COLLECTED DATA section start

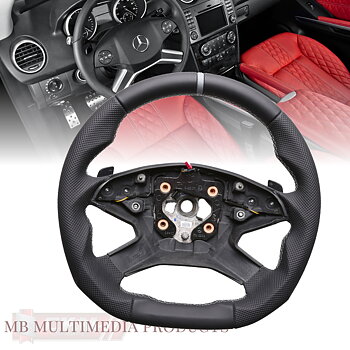 1. steering wheel sport mb original handmade SUPER THICK 1pcs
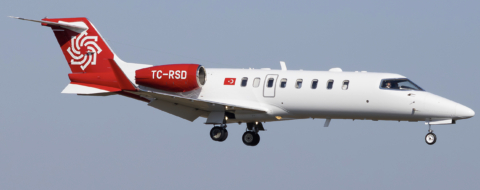Learjet 45 immatriculé TC-RSD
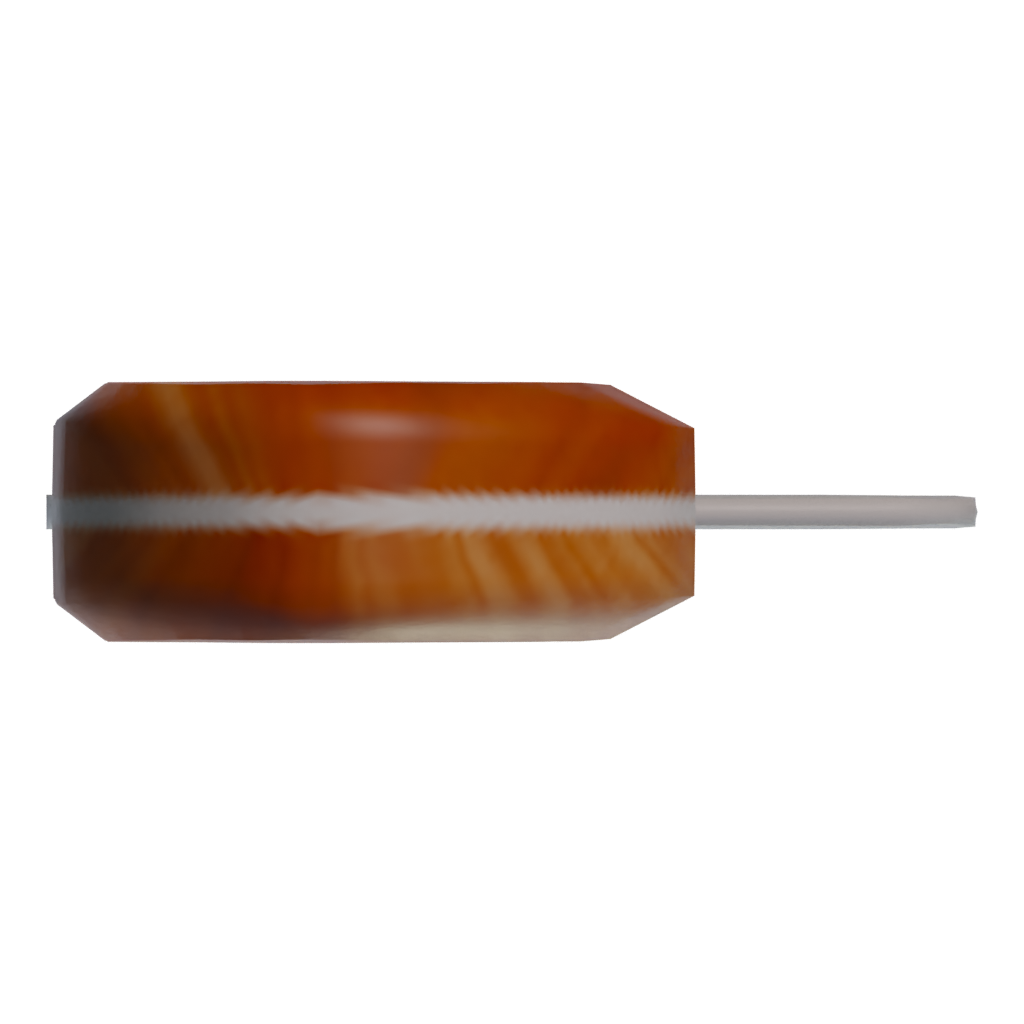 Top view of the Michael Myers Knife 3D model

COLLECTED DATA section end

Your copy should match the data exactly, apart from the images, which are dropped.

* **ANSWER FOR THE TASK**:
 1. steering wheel sport mb original handmade SUPER THICK 1pcs
Learjet 45 immatriculé TC-RSD
 Top view of the Michael Myers Knife 3D model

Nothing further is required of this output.